I struggled for months with what to do. I tried to reconcile, but I did not go to the lengths I went to with my mother--lengths that left me far more hurt than before my attempts. He clearly wanted to blame me, not reconcile. I was finally able to chalk it up to his own grief and let it go.
With a great deal of help and support, and with--I strongly believe--no small amount of spiritual intervention (I am one of those people who believes G-d is at work in the world, though maybe not in ways we'd expect, or even hope), I have a sense of who I really am, an idea of maybe who G-d wants me to be.

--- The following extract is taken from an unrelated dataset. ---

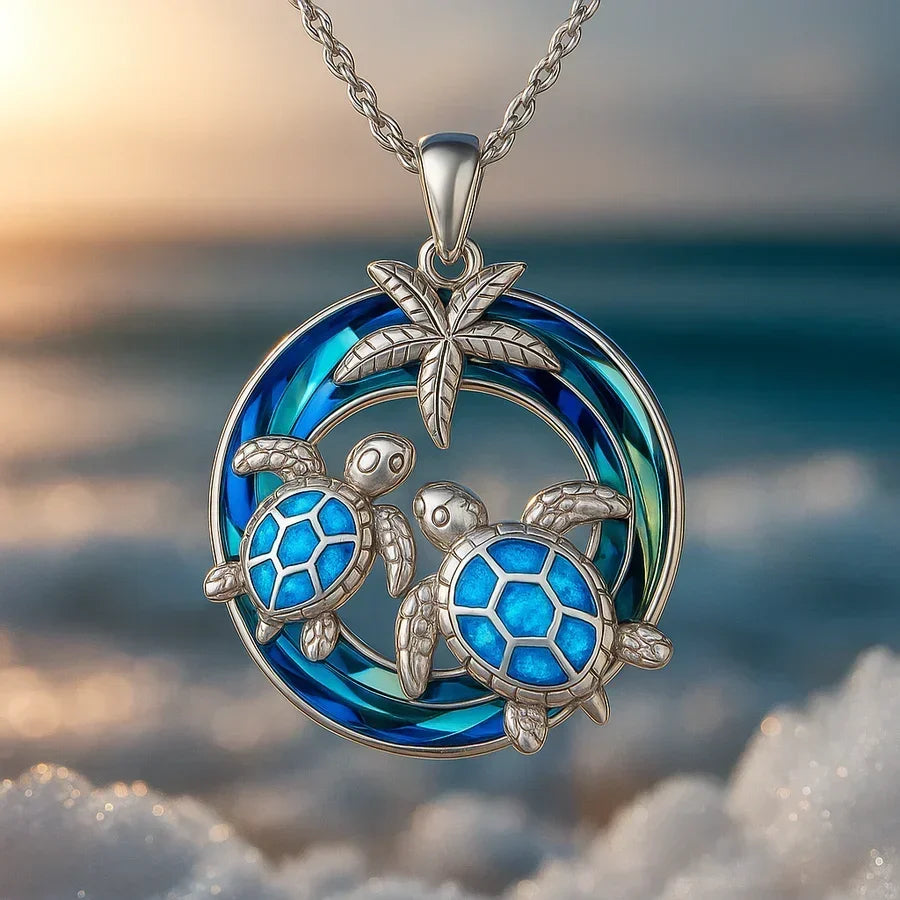 Turtle Pendant Necklace in White Gold Colour with Seaside Charm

My counselor offered this in her interpretation of kibud av v'em--honor your father and mother: "Parenting, at its root, means helping your child become the best person s/he can be. So the best way to honor your parents is to be true to yourself, and become the person you were meant to be, the person G-d created you to be." I needed to hear that, right then. It finally clicked.
I feel like I am finally accepting who I am--who I really am--even with my flaws, my mistakes, the possibility that severe anxiety and/or depression may once again visit. And I am okay. Yes, I can do better; there's always a place for introspection, evaluation, and improvement. But my core, my essence, my Yiddishe neshama, is accepted and loved, and I am worth loving and worth acceptance. I don't have to disappear from my makom kavua because someone else is more worthy than I am. I can sit in my fixed place (where I have sat for sixteen years now) and invite others to sit with me.
This is all a huge change in perception for me. And for the last 17 days (it's that new) it has stuck. I pray it sticks forever.
In fact I have felt so accepting of myself that I have toyed with the idea of dashing my anonymity (whatever of it I have left) and coming out, so to speak. I didn't when I set up this blog because I feared what others would think, that I would lose my credibility, my job, my friends, if I owned up to what was really going on inside of me: the depression, the anxiety, the fear, the hurt, the wounded child.
Now, I don't worry so much about what others think of me because my opinion of myself is the one I have to live with (did I just say that out loud?). And for the past several decades, it's been a pretty negative one. Perhaps because it is a more positive opinion now, I am going through a sort of honeymoon period. For that reason, I will give the idea of "coming out" some time. There still may be things I don't want to admit publicly, under any name other than Rivka.